AMD has an ABI specification that describes the calling convention to use on x86-64. All OSes follow it, except for Windows which has it's own x86-64 calling convention. Why?
Does anyone know the technical, historical, or political reasons for this difference, or is it purely a matter of NIHsyndrome?
I understand that different OSes may have different needs for higher level things, but that doesn't explain why for example the register parameter passing order on Windows is rcx - rdx - r8 - r9 - rest on stack
while everyone else uses rdi - rsi - rdx - rcx - r8 - r9 - rest on stack
.
P.S. I am aware of how these calling conventions differ generally and I know where to find details if I need to. What I want to know is why.

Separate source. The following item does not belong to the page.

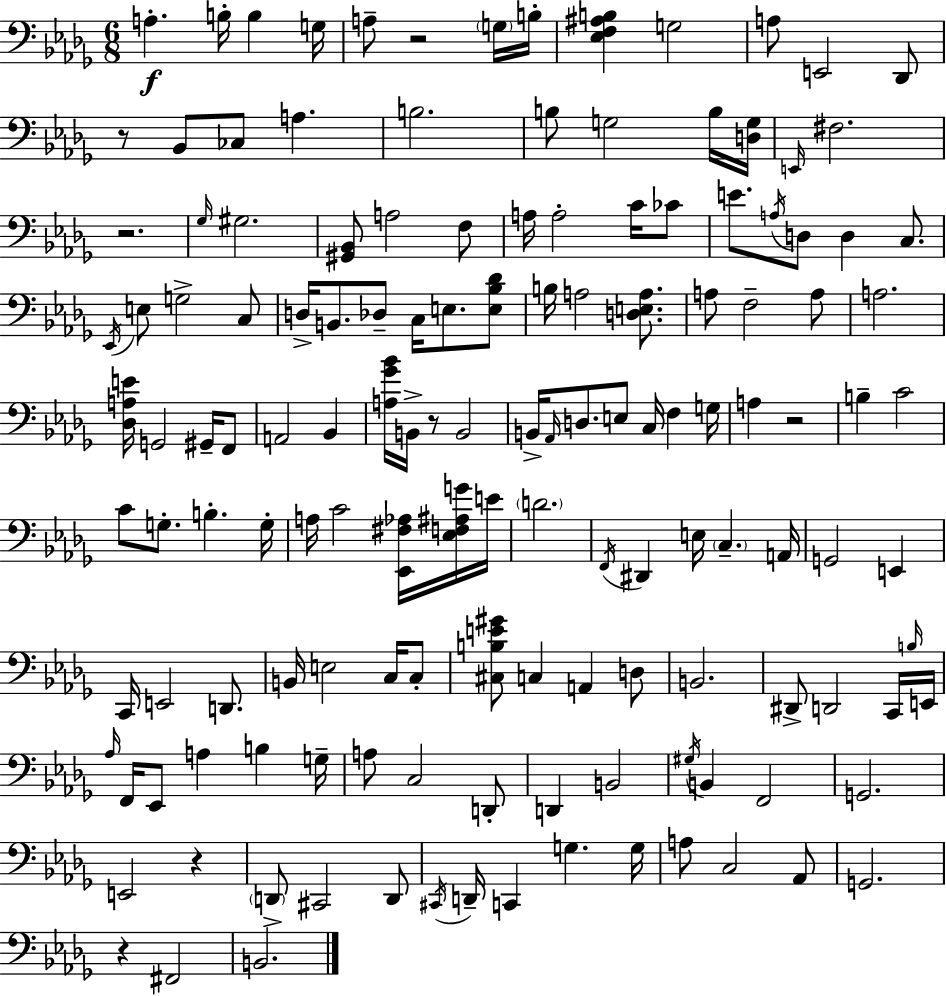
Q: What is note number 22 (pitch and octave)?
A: G#3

Edit: for the how, see e.g. the wikipedia entry and links from there.
One of the things to keep in mind about x86 is that the register name to "reg number" encoding is not obvious; in terms of instruction encoding (the MOD R/M byte, see http://www.c-jump.com/CIS77/CPU/x86/X77_0060_mod_reg_r_m_byte.htm), register numbers 0...7 are - in that order - ?AX
, ?CX
, ?DX
, ?BX
, ?SP
, ?BP
, ?SI
, ?DI
.
Hence choosing A/C/D (regs 0..2) for return value and the first two arguments (which is the "classical" 32bit __fastcall
convention) is a logical choice. As far as going to 64bit is concerned, the "higher" regs are ordered, and both Microsoft and UN*X/Linux went for R8
/ R9
as the first ones.
Keeping that in mind, Microsoft's choice of RAX
(return value) and RCX
, RDX
, R8
, R9
(arg[0..3]) are an understandable selection if you choose four registers for arguments.

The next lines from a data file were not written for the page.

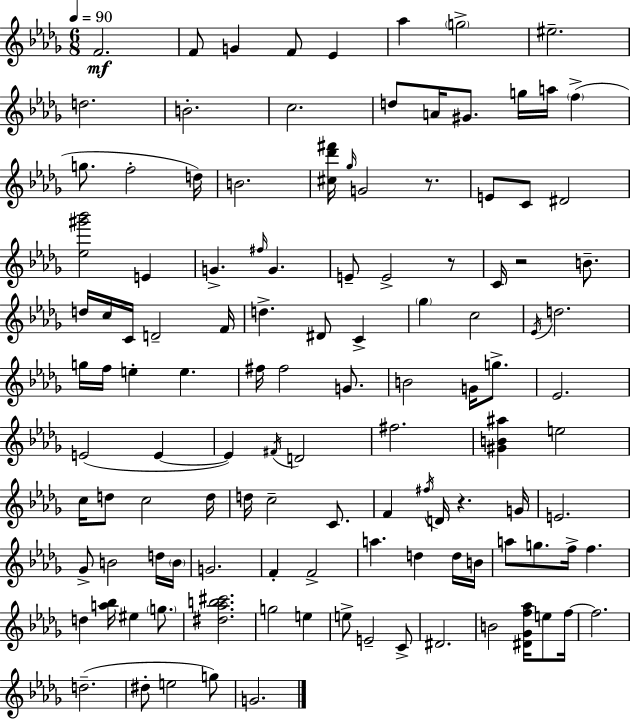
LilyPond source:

{
  \clef treble
  \numericTimeSignature
  \time 6/8
  \key bes \minor
  \tempo 4 = 90
  f'2.\mf | f'8 g'4 f'8 ees'4 | aes''4 \parenthesize g''2-> | eis''2.-- | \break d''2. | b'2.-. | c''2. | d''8 a'16 gis'8. g''16 a''16 \parenthesize f''4->( | \break g''8. f''2-. d''16) | b'2. | <cis'' des''' fis'''>16 \grace { ges''16 } g'2 r8. | e'8 c'8 dis'2 | \break <ees'' gis''' bes'''>2 e'4 | g'4.-> \grace { fis''16 } g'4. | e'8-- e'2-> | r8 c'16 r2 b'8.-- | \break d''16 c''16 c'16 d'2-- | f'16 d''4.-> dis'8 c'4-> | \parenthesize ges''4 c''2 | \acciaccatura { ees'16 } d''2. | \break g''16 f''16 e''4-. e''4. | fis''16 fis''2 | g'8. b'2 g'16 | g''8.-> ees'2. | \break e'2( e'4~~ | e'4) \acciaccatura { fis'16 } d'2 | fis''2. | <gis' b' ais''>4 e''2 | \break c''16 d''8 c''2 | d''16 d''16 c''2-- | c'8. f'4 \acciaccatura { fis''16 } d'16 r4. | g'16 e'2. | \break ges'8-> b'2 | d''16 \parenthesize b'16 g'2. | f'4-. f'2-> | a''4. d''4 | \break d''16 b'16 a''8 g''8. f''16-> f''4. | d''4 <a'' bes''>16 eis''4 | \parenthesize g''8. <dis'' aes'' b'' cis'''>2. | g''2 | \break e''4 e''8-> e'2-- | c'8-> dis'2. | b'2 | <dis' ges' f'' aes''>16 e''8 f''16~~ f''2. | \break d''2.--( | dis''8-. e''2 | g''8) g'2. | \bar "|."
}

I don't know why the AMD64 UN*X ABI chose RDX
before RCX
.
UN*X, on RISC architectures, has traditionally done argument passing in registers - specifically, for the first six arguments (that's so on PPC, SPARC, MIPS at least). Which might be one of the major reasons why the AMD64 (UN*X) ABI designers chose to use six registers on that architecture as well.
So if you want six registers to pass arguments in, and it's logical to choose RCX
, RDX
, R8
and R9
for four of them, which other two should you pick ?

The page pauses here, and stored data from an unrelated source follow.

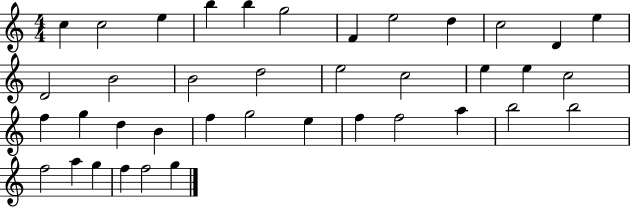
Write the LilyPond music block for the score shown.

{
  \clef treble
  \numericTimeSignature
  \time 4/4
  \key c \major
  c''4 c''2 e''4 | b''4 b''4 g''2 | f'4 e''2 d''4 | c''2 d'4 e''4 | \break d'2 b'2 | b'2 d''2 | e''2 c''2 | e''4 e''4 c''2 | \break f''4 g''4 d''4 b'4 | f''4 g''2 e''4 | f''4 f''2 a''4 | b''2 b''2 | \break f''2 a''4 g''4 | f''4 f''2 g''4 | \bar "|."
}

The "higher" regs require an additional instruction prefix byte to select them and therefore have a bigger instruction size footprint, so you wouldn't want to choose any of those if you have options. Of the classical registers, due to the implicit meaning of RBP
and RSP
these aren't available, and RBX
traditionally has a special use on UN*X (global offset table) which seemingly the AMD64 ABI designers didn't want to needlessly become incompatible with.
Ergo, the only choice were RSI
/ RDI
.
So if you have to take RSI
/ RDI
as argument registers, which arguments should they be ?
Making them arg[0]
and arg[1]
has some advantages. See cHao's comment.
?SI
and ?DI
are string instruction source / destination operands, and as cHao mentioned, their use as argument registers means that with the AMD64 UN*X calling conventions, the simplest possible strcpy()
function, for example, only consists of the two CPU instructions repz movsb; ret
because the source/target addresses have been put into the correct registers by the caller. There is, particularly in low-level and compiler-generated "glue" code (think, for example, some C++ heap allocators zero-filling objects on construction, or the kernel zero-filling heap pages on sbrk()
, or copy-on-write pagefaults) an enormous amount of block copy/fill, hence it'll be useful for code so frequently used to save the two or three CPU instructions that'd otherwise load such source/target address arguments into the "correct" registers.
So in a way, UN*X and Win64 are only different in that UN*X "prepends" two additional arguments, in purposefully chosen RSI
/RDI
registers, to the natural choice of four arguments in RCX
, RDX
, R8
and R9
.
There are more differences between the UN*X and Windows x64 ABIs than just the mapping of arguments to specific registers. For the overview on Win64, check:
http://msdn.microsoft.com/en-us/library/7kcdt6fy.aspx
Win64 and AMD64 UN*X also strikingly differ in the way stackspace is used; on Win64, for example, the caller must allocate stackspace for function arguments even though args 0...3 are passed in registers. On UN*X on the other hand, a leaf function (i.e. one that doesn't call other functions) is not even required to allocate stackspace at all if it needs no more than 128 Bytes of it (yes, you own and can use a certain amount of stack without allocating it ... well, unless you're kernel code, a source of nifty bugs). All these are particular optimization choices, most of the rationale for those is explained in the full ABI references that the original poster's wikipedia reference points to.